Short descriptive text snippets
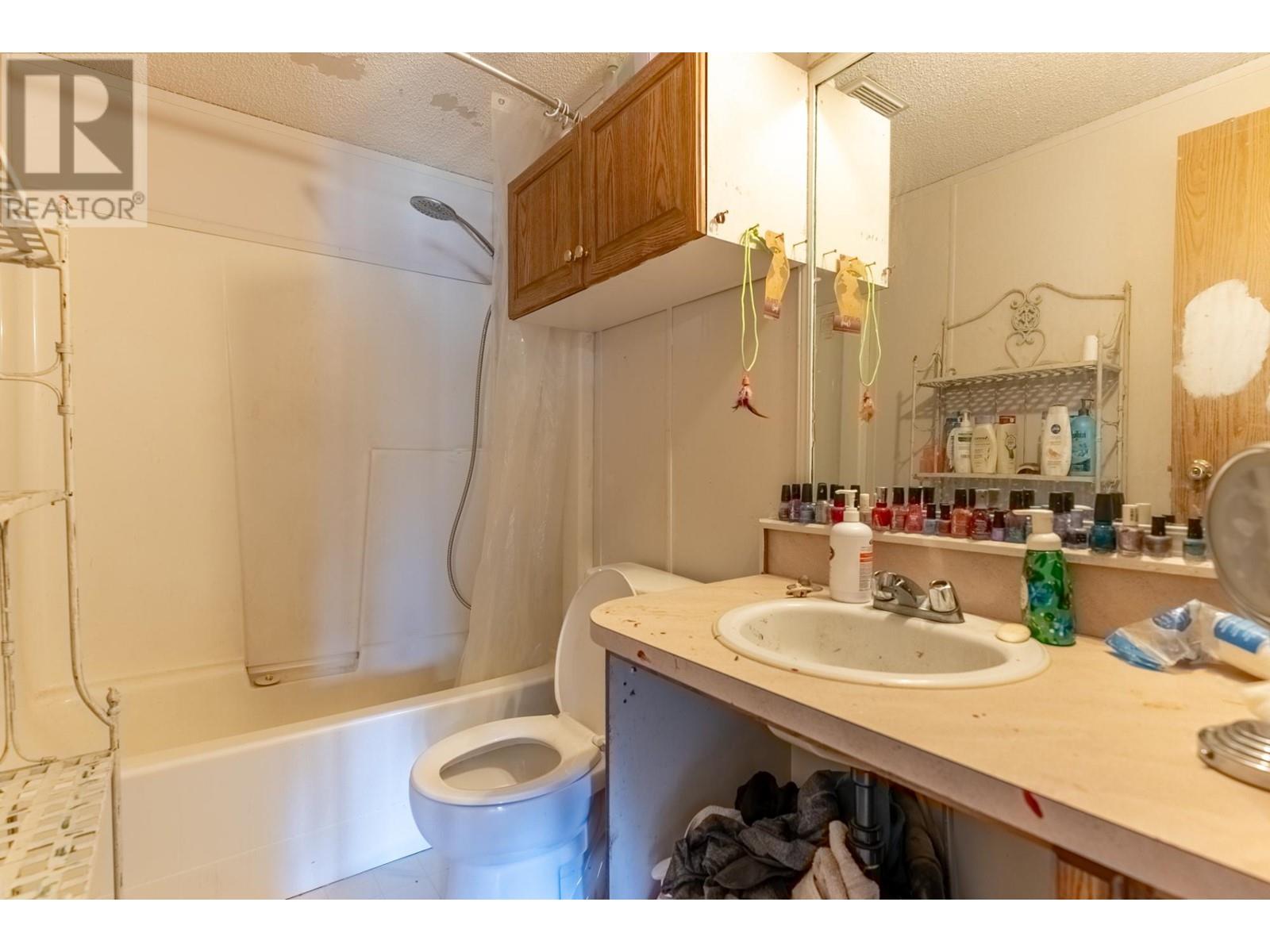 3580 Cariboo Hwy 97, Cache Creek, British Columbia  V0K 1H0 - Photo 15 - 180211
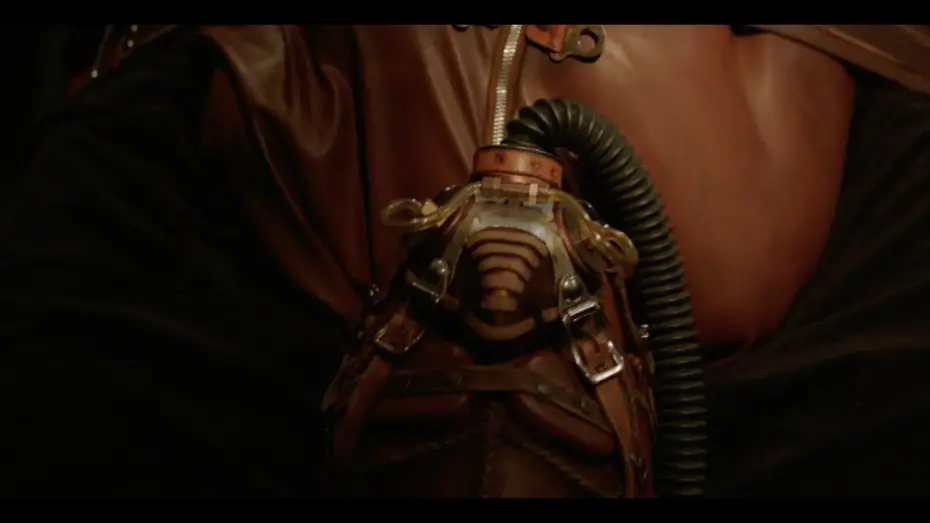 Видео к фильму По реальным событиям | TRUE FICTION (2091) Official Trailer 2019 Horror, Psychological Thriller Movie HD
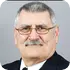 Photo of Donald P. Thelen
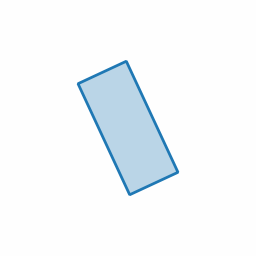 Perceel APD04-AF-8288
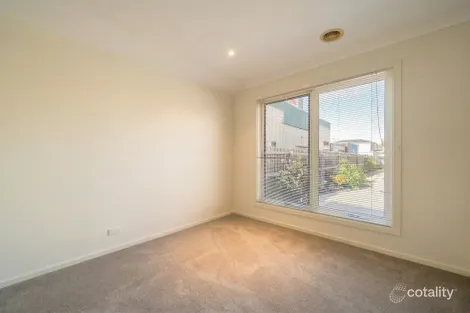 Property photo of 175B Mitchell Street Northcote VIC 3070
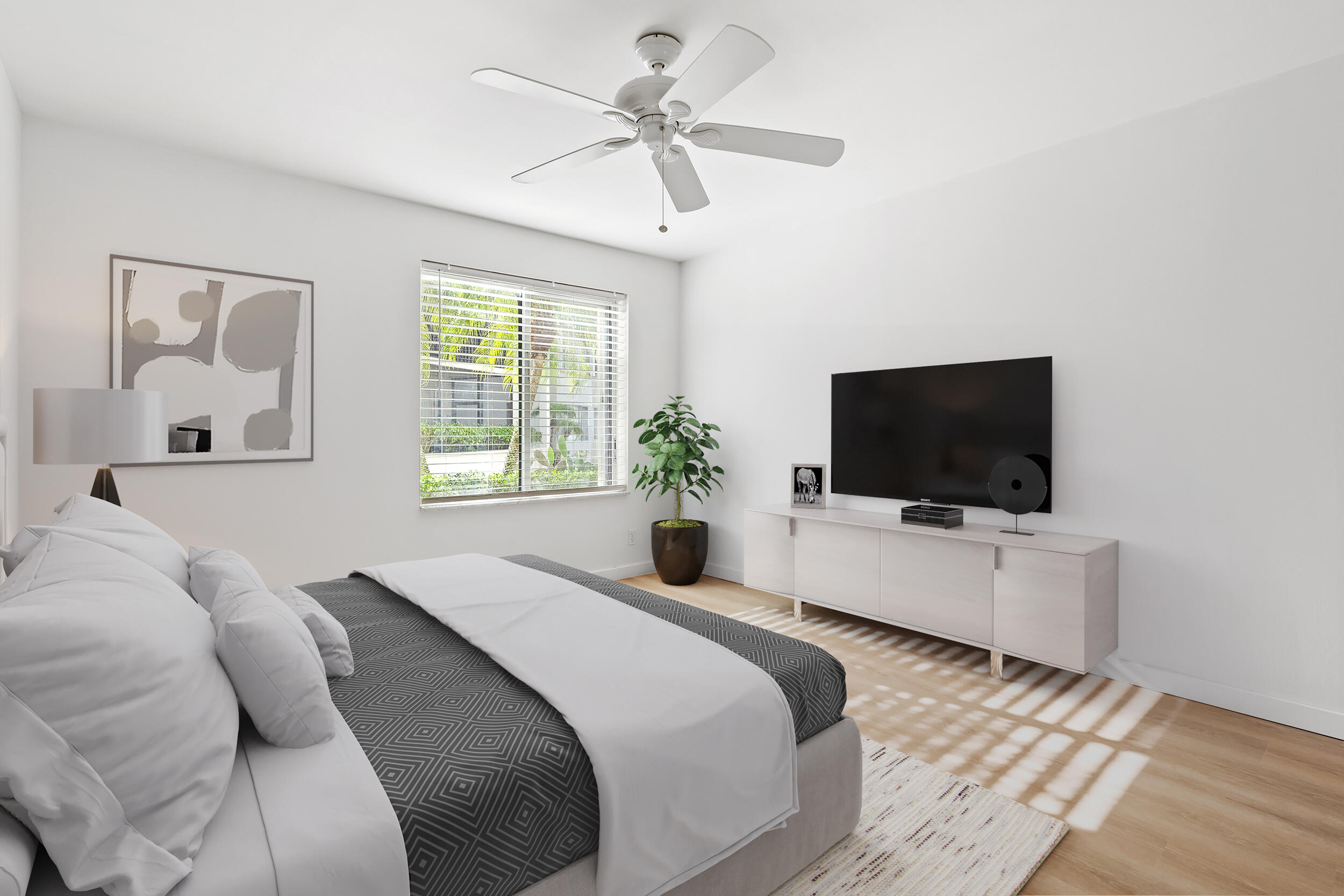 MLS #RX-11099293 image #9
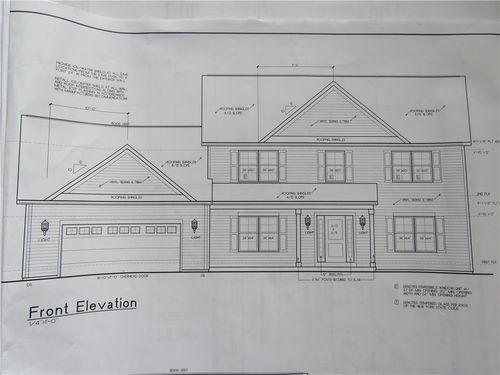 281 Collamer Rd, Hilton, NY, 14468-9179 | Card Image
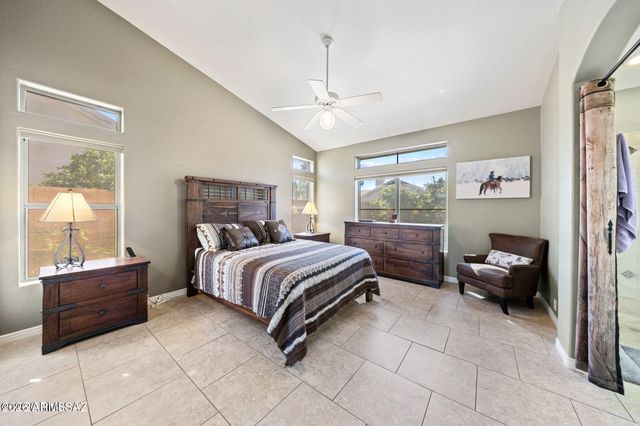 1791 W EAGLE CREST Place, Tucson, AZ 85737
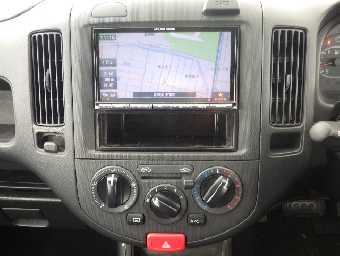 MITSUBISHI LANCER CARGO S/V 2017 Image 18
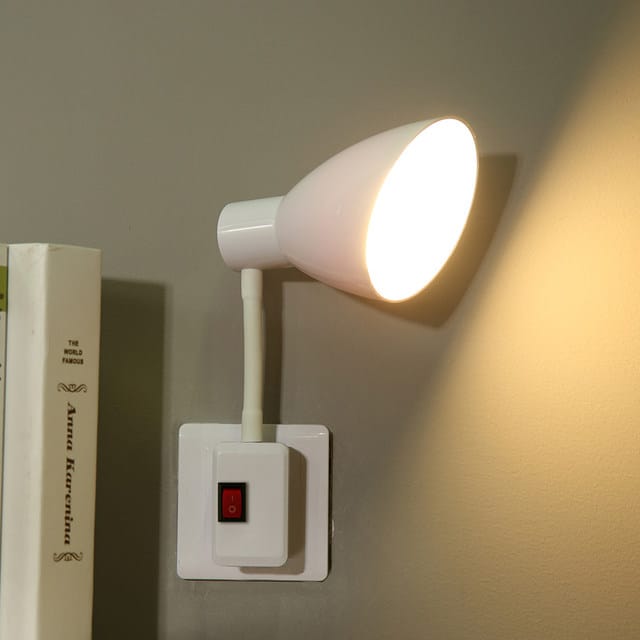 Lampe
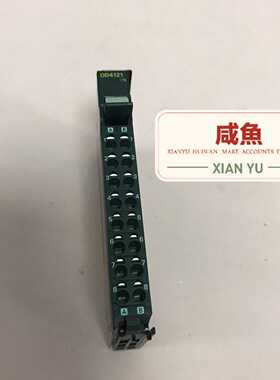 PLCOmron模块NX-OD5121询价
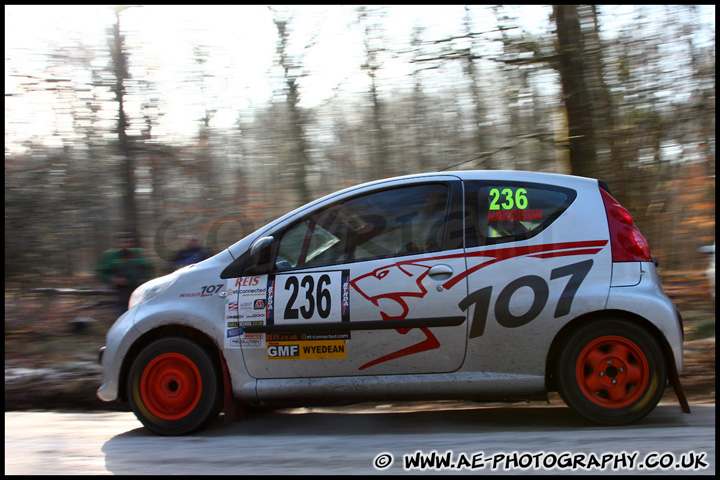 Wyedean_Rally_110212_AE_077.jpg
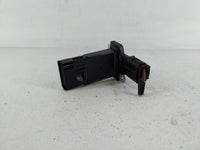 2005-2022 Toyota Tacoma Mass Air Flow Meter Maf - Oemusedautoparts1.com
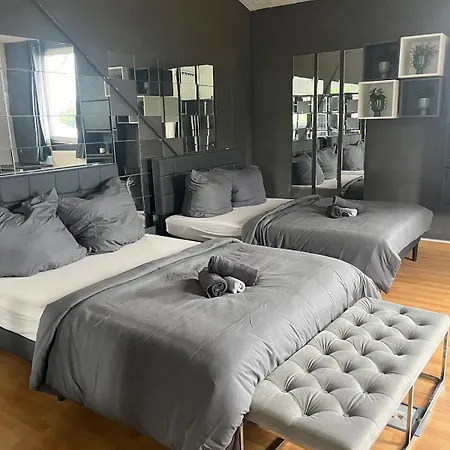 Big Loft *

THE TASK | Return the records exactly as they stand, and drop every picture.

SOLUTION TO THIS PROBLEM |
 3580 Cariboo Hwy 97, Cache Creek, British Columbia  V0K 1H0 - Photo 15 - 180211
 Видео к фильму По реальным событиям | TRUE FICTION (2091) Official Trailer 2019 Horror, Psychological Thriller Movie HD
 Photo of Donald P. Thelen
 Perceel APD04-AF-8288
 Property photo of 175B Mitchell Street Northcote VIC 3070
 MLS #RX-11099293 image #9
 281 Collamer Rd, Hilton, NY, 14468-9179 | Card Image
 1791 W EAGLE CREST Place, Tucson, AZ 85737
 MITSUBISHI LANCER CARGO S/V 2017 Image 18
 Lampe
 PLCOmron模块NX-OD5121询价
 Wyedean_Rally_110212_AE_077.jpg
 2005-2022 Toyota Tacoma Mass Air Flow Meter Maf - Oemusedautoparts1.com
 Big Loft *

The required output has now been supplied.